Sentiment Analysis | BASE #1

이지수·2022년 2월 9일

CNN IMDB Keras RNN Sentiment Analysis python word embedding

ML/DL

목록 보기

1/3

1. Mainly Use

Word Embedding (Embedding Layer)
Tensorflow
RNN(LSTM)
CNN

2. Base Info

텍스트 감성분석 접근법은 아래와 같이 2가지가 존재함
1. 기계학습 기반
2. 감성사전 기반

사전 기반의 감성분석은 기계학습 기반 대비 2가지 단점이 존재함

분석 대상에 따라 단어의 감성 점수가 달라질 수 있다는 가능성에 대응하기 어려움

단순 긍부정을 넘어서 긍부정의 원인이 되는 대상 속성 기반의 감성 분석이 어려움

단어의 특성을 저차원 벡터값으로 표현하는 워드 임베딩(word embedding) 방법을 이용하여 머신러닝 기반 감성분석의 정확도를 높일 수 있음

Word Embedding : 단어의 의미가 유사할 경우 가까운 벡터 공간에 존재함

3. Word to Index & Index to Word

IMDB 리뷰 감성분석을 위해 텍스트를 벡터로 변환해야 함
텍스트는 기호일 뿐, 텍스트가 내포하는 의미를 텍스트의 기호가 내포하고있지는 않음
그렇기 때문에 단어와 벡터의 matching이 필수적임
벡터는 딥러닝을 통해서 만들 수 있음
텍스트의 벡터화를 진행하기 전에, 텍스트의 인덱스를 사용하여 텍스트를 숫자로 변환하고자 함

sentences = ['i love pizza', 'i like chichen', 'now i want bread']

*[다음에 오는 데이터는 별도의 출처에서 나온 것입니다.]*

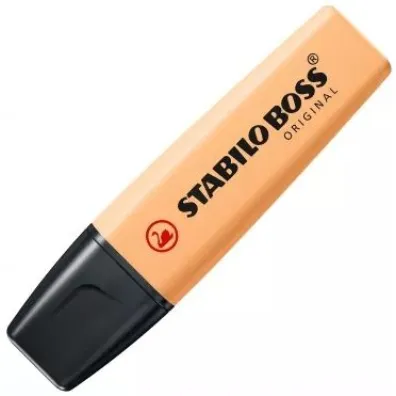 Stabilo Zakre�lacz BOSS Original Pastel subtelny pomara�cz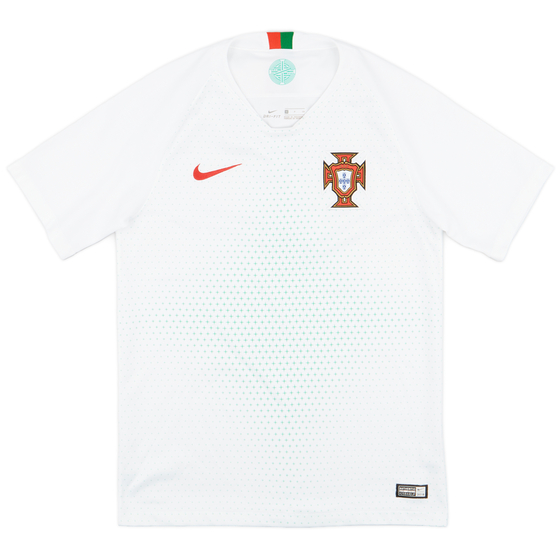 2018-19 Portugal Away Shirt - 5/10 - (S)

word_list = sentences[0].split()
word_list

['i', 'love', 'pizza']

# text data로부터 사전을 만들기위해 모든 단어를 split해서 dict 자료구조로 표현 

index_to_word={}  # 빈 딕셔너리를 만들어서

# 채우는 순서는 임의로 세팅 but 순서는 중요하지 않음
# <BOS>, <PAD>, <UNK>는 관례적으로 딕셔너리 맨 앞에 넣음 

index_to_word[0]='<PAD>'  # 패딩용 단어
index_to_word[1]='<BOS>'  # 문장의 시작지점
index_to_word[2]='<UNK>'  # 사전에 없는(Unknown) 단어
index_to_word[3]='i'
index_to_word[4]='love'
index_to_word[5]='pizza'
index_to_word[6]='like'
index_to_word[7]='chicken'
index_to_word[8]='now'
index_to_word[9]='want'

print(index_to_word)

{0: '<PAD>', 1: '<BOS>', 2: '<UNK>', 3: 'i', 4: 'love', 5: 'pizza', 6: 'like', 7: 'chicken', 8: 'now', 9: 'want'}

# 텍스트 데이터를 숫자로 바꿔 보려고 하는데, 텍스트를 숫자로 바꾸려면 위의 딕셔너리가 {텍스트:인덱스} 구조여야 함

word_to_index = {word : index for index, word in index_to_word.items()}
print(word_to_index)

{'<PAD>': 0, '<BOS>': 1, '<UNK>': 2, 'i': 3, 'love': 4, 'pizza': 5, 'like': 6, 'chicken': 7, 'now': 8, 'want': 9}

# 단어를 주면 index를 반환
print(word_to_index['want'])

3-1. Word to Encoded (텍스트 to 숫자)

# 문장 1개를 활용딕셔너리와 함께 제공하면 단어 인덱스 리스트로 변환해 주는 함수
# 모든 문장은 <BOS>로 시작
def get_encoded_sentence(sentence, word_to_index):
    return [word_to_index['<BOS>']]+[word_to_index[word] if word in word_to_index else word_to_index['<UNK>'] for word in sentence.split()]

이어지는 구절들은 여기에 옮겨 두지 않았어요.